TRY IT
Please set down exactly the lines of the listing below from the line containing "26 W Carmack Drive, Chalmette, LA 70043" through the line containing "Foto Renault Grand 23", both lines included, leaving out all other lines.

RECORDS TO PROCESS
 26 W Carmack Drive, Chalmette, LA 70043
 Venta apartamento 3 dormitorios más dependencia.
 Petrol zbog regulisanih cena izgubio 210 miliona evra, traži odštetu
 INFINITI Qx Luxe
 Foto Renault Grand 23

---

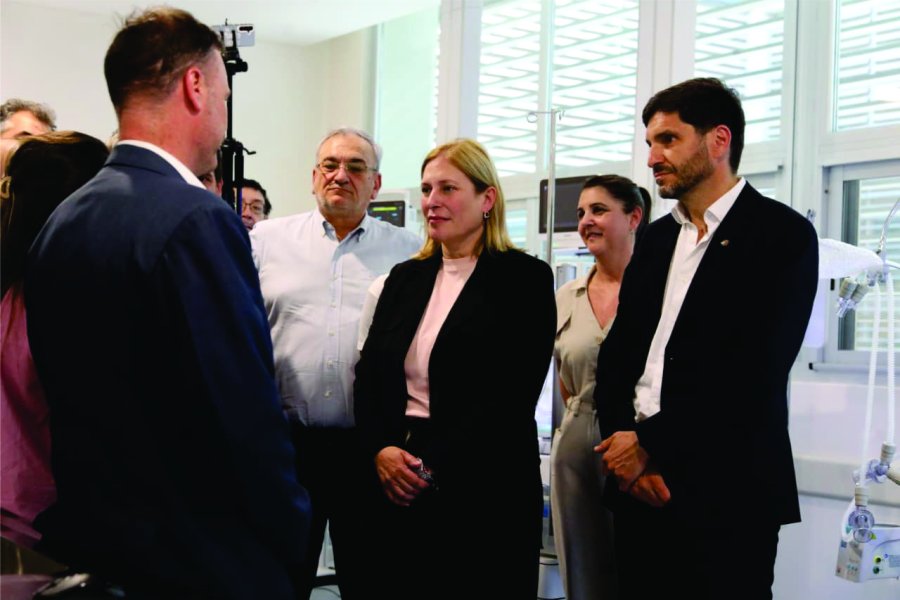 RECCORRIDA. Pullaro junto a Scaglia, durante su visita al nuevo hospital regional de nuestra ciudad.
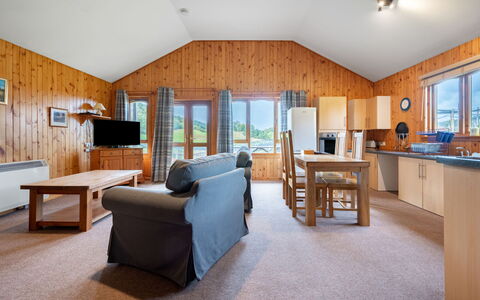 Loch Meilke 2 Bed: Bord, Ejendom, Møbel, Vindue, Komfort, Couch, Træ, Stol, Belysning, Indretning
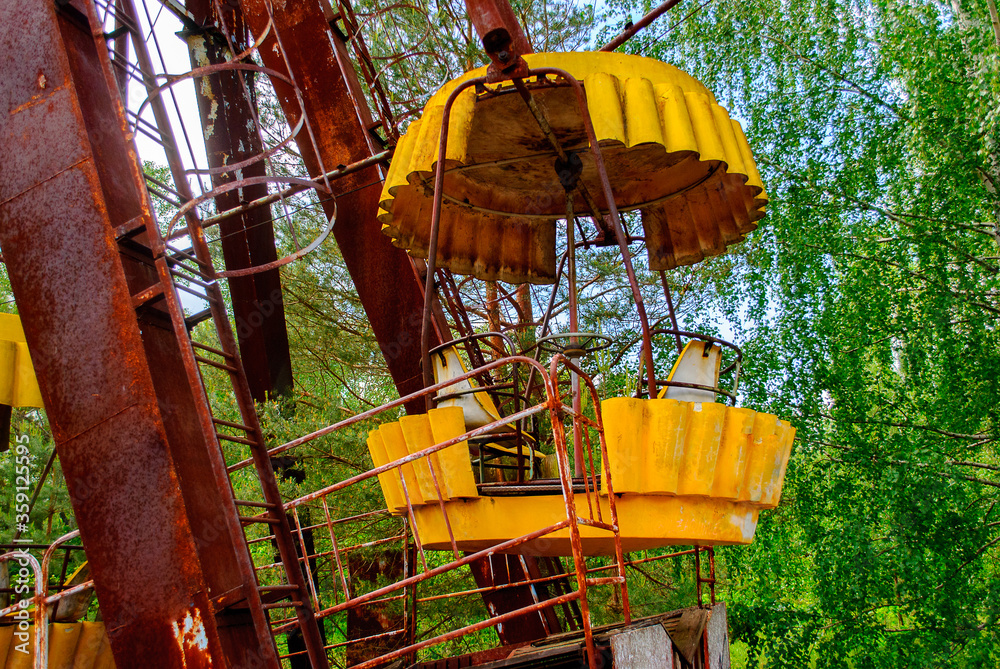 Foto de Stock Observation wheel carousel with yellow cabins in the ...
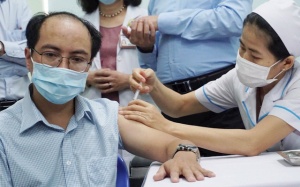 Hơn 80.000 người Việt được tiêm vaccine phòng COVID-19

EXERCISE OUTPUT
 26 W Carmack Drive, Chalmette, LA 70043
 Venta apartamento 3 dormitorios más dependencia.
 Petrol zbog regulisanih cena izgubio 210 miliona evra, traži odštetu
 INFINITI Qx Luxe
 Foto Renault Grand 23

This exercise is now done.